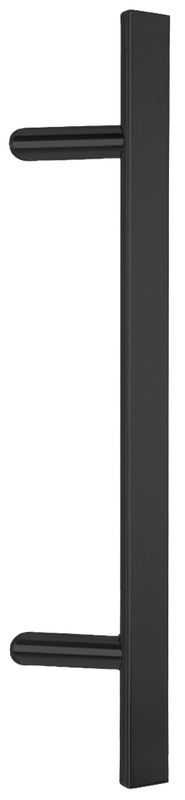 Türgriff, Türdrücker, schwarzes Metall, minimalistisches Design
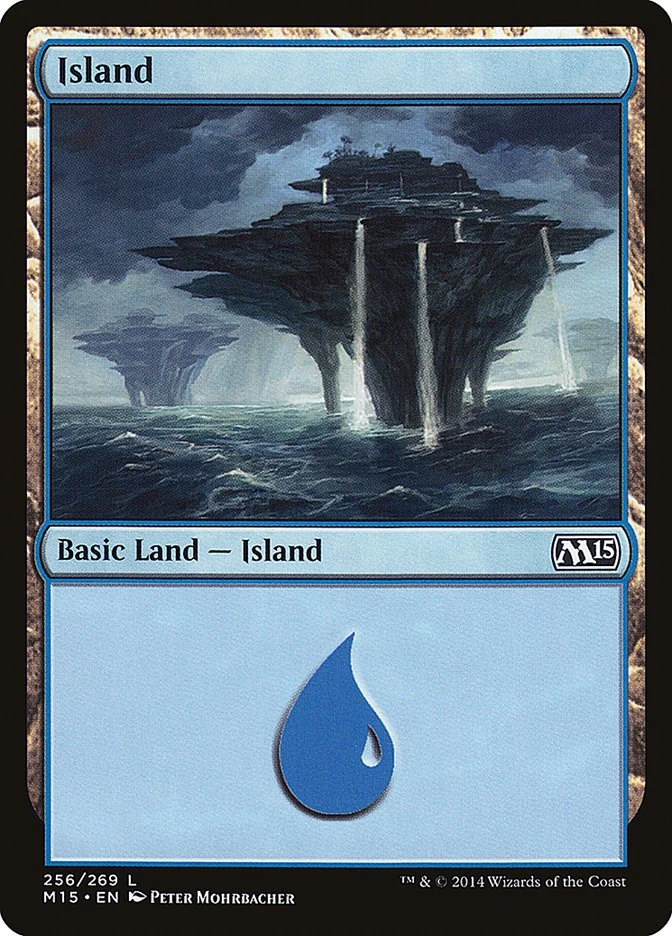 Island (256) (256) (Magic 2015 (M15))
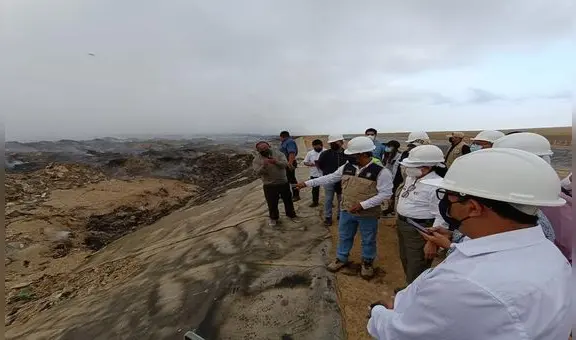 Ministra del Ambiente responsabiliza a autoridades de Chiclayo por incendio en celda de Reque
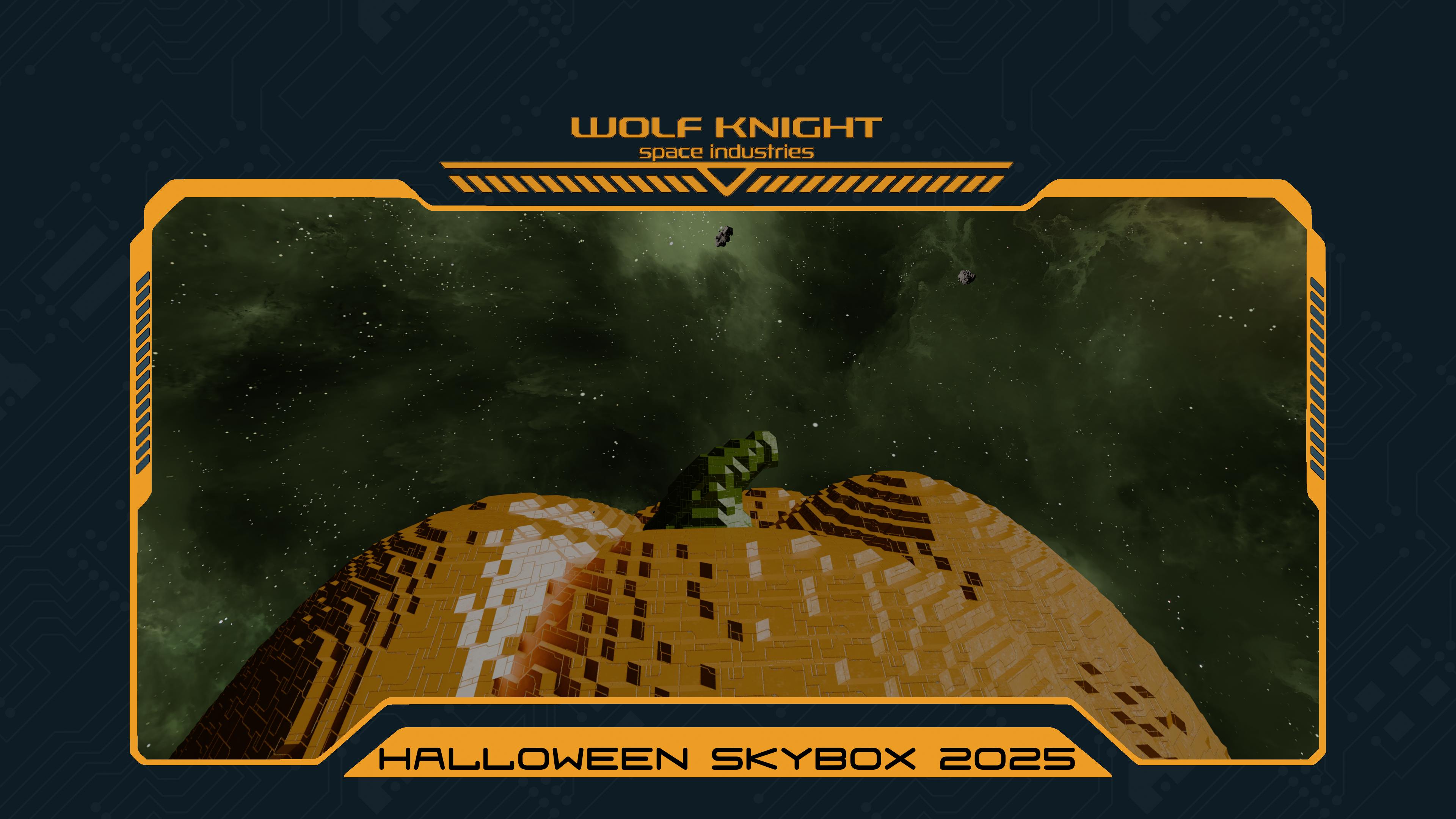 Halloween Skybox 2025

| EXERCISE GOAL |
The whole listing above must be duplicated word for word, apart from its pictures.

| RESPONSE TO THIS EXERCISE |
 Türgriff, Türdrücker, schwarzes Metall, minimalistisches Design
 Island (256) (256) (Magic 2015 (M15))
 Ministra del Ambiente responsabiliza a autoridades de Chiclayo por incendio en celda de Reque
 Halloween Skybox 2025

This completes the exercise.